Mais attention, l'impact de la seconde période de fermeture (de novembre 2020 à juin 2021) apparaitra seulement sur le bilan de l'exercice en cours. Globalement,  depuis mars 2020, nous avons dû fermer plus de la moitié du temps. La baisse de chiffre d'affaires sera proportionnelle !

Les aides annoncées par le gouvernement ont-elles été à la mesure des pertes encourues ?

L'Etat nous a accompagnés, les aides ont permis de couvrir les charges courantes et les salaires (90 salariés au total). En revanche, pour les pertes d'exploitation, c'est une autre histoire et c'est évidemment très inquiétant. D'autant que certaines charges étaient inévitables : l'entretien par exemple. Mais avec aucune recette en face.

Dès avril dernier, nous avons donc recouru au PGE (1,350 million d'euros au total). Par précaution car nous ne l'avons finalement pas utilisé et nous en avons remboursé une bonne partie en mars dernier. Ce que nous avons regretté dès le mois suivant, en voyant que nous ne pouvions toujours pas rouvrir malgré ce que nous avions espéré...
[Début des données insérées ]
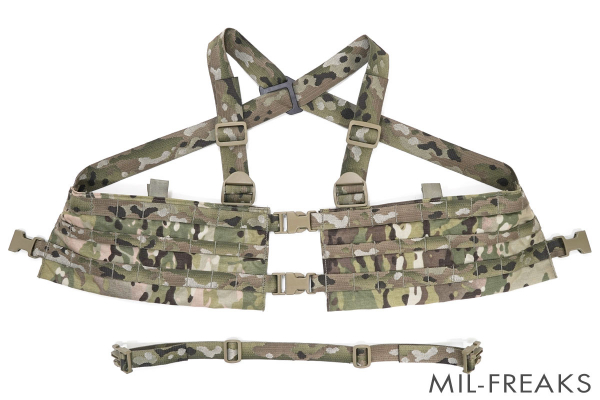 Tactical Gear │ ミリタリーショップ MIL-FREAKS 通販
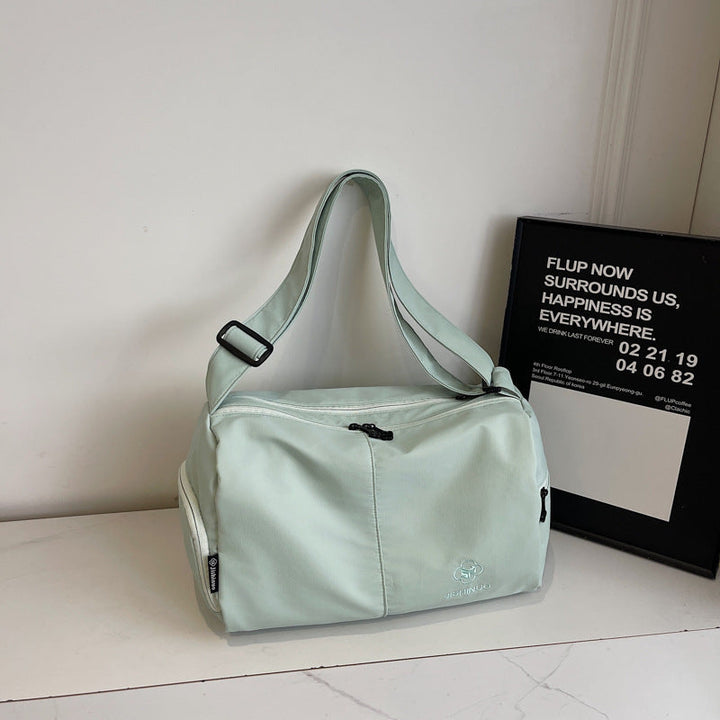 Ladies Sporty Bag Kalsten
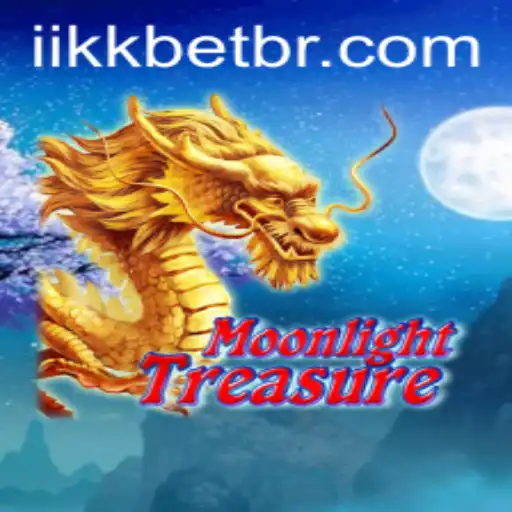 Unveiling MoonlightTreasure: The Enchanting World of Treasure Hunting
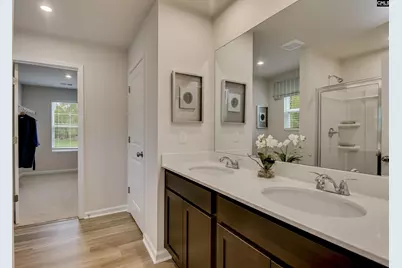 234 Kingfield Drive, Hopkins, SC 29061 - Photo 29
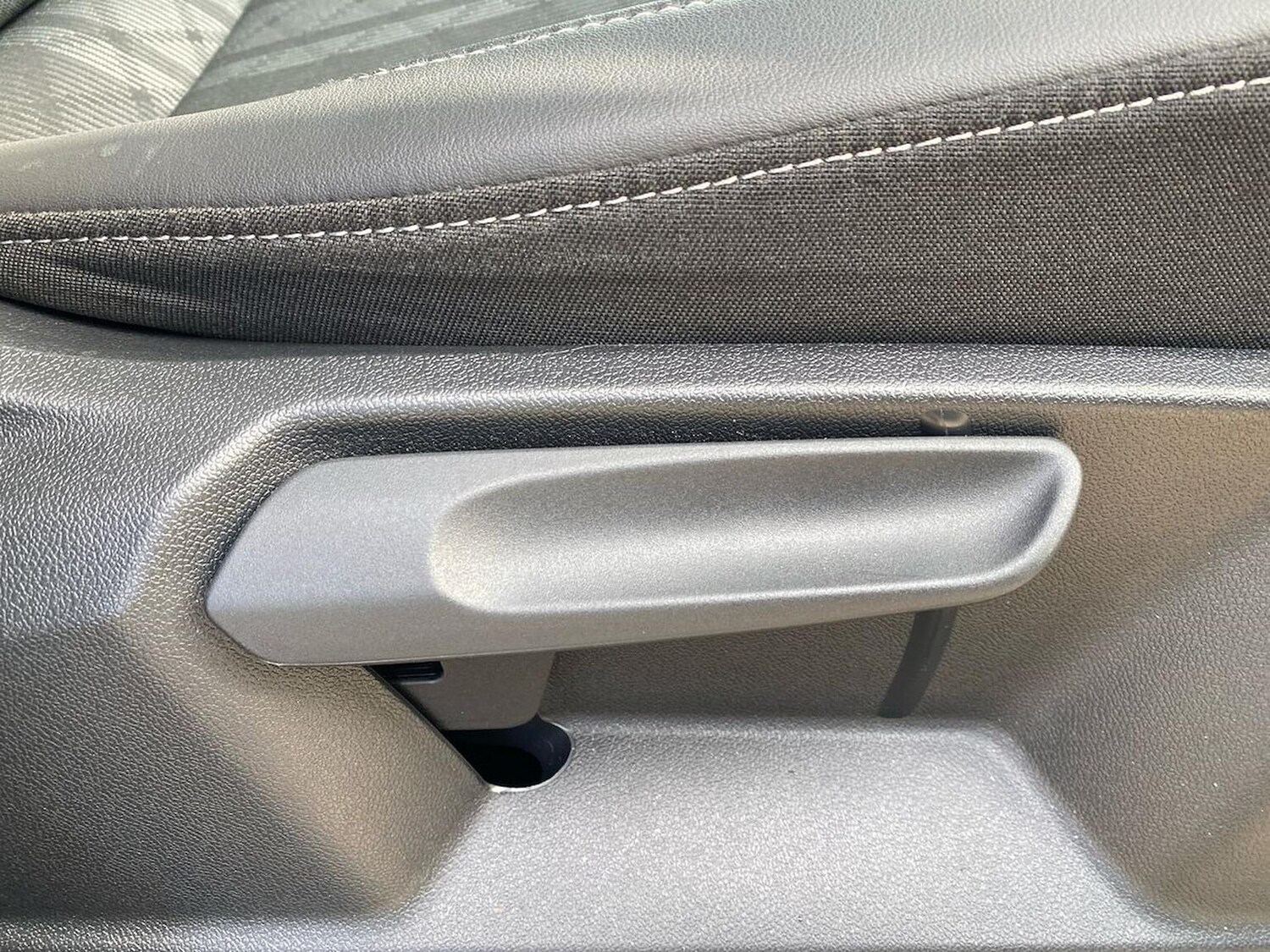 Used Volkswagen T-Cross 2025 for sale - 78026172: Photo 30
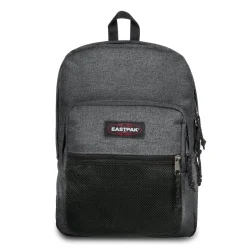 Eastpak Waterdichte Rugzakken | School Rugzakken>PINNACLE BlackDenim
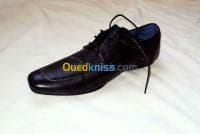 Chaussures — vignette 3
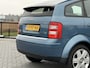 Audi A2 1.4 Pro Line Clima | Nwe distributie | Nwe Koppeling | Nwe APK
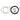 Jagwire BRAKE UNIVERSAL SPORT - 887894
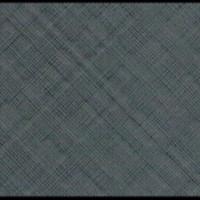 Buy cheap Pure Polypropylene Bottom Film Degradable With Abrasion Resistant Layer product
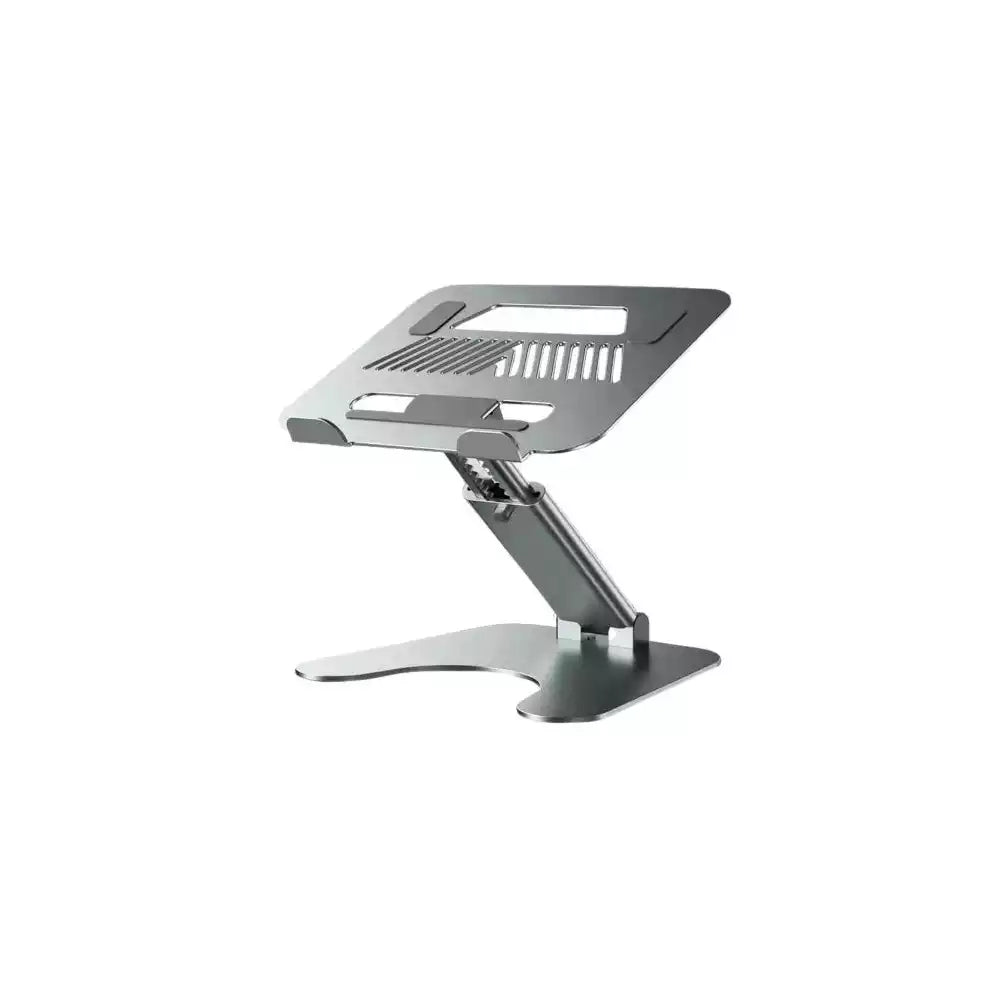 Buy Awei X25 Laptop Stand from Vmart in Pakistan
Vous avez pu accueillir il y a quelques jours, dans vos établissements, vos premiers clients depuis de nombreux mois. Votre état d'esprit aujourd'hui ?

Je suis heureux : nous sommes de nouveau au travail, nous voyons le plaisir et les sourires revenir. Aussi bien chez les clients que dans l'équipe.

Nos clients sont revenus immédiatement et le niveau de réservation est excellent. J'espère que la rentrée de septembre ne sera pas synonyme d'une nouvelle vague.

** Contacté par La Tribune, Allianz a indiqué ne pas souhaiter commenter une procédure judiciaire en cours. L'assureur a par ailleurs démenti formellement l'éventualité d'un désengagement du secteur français de la restauration.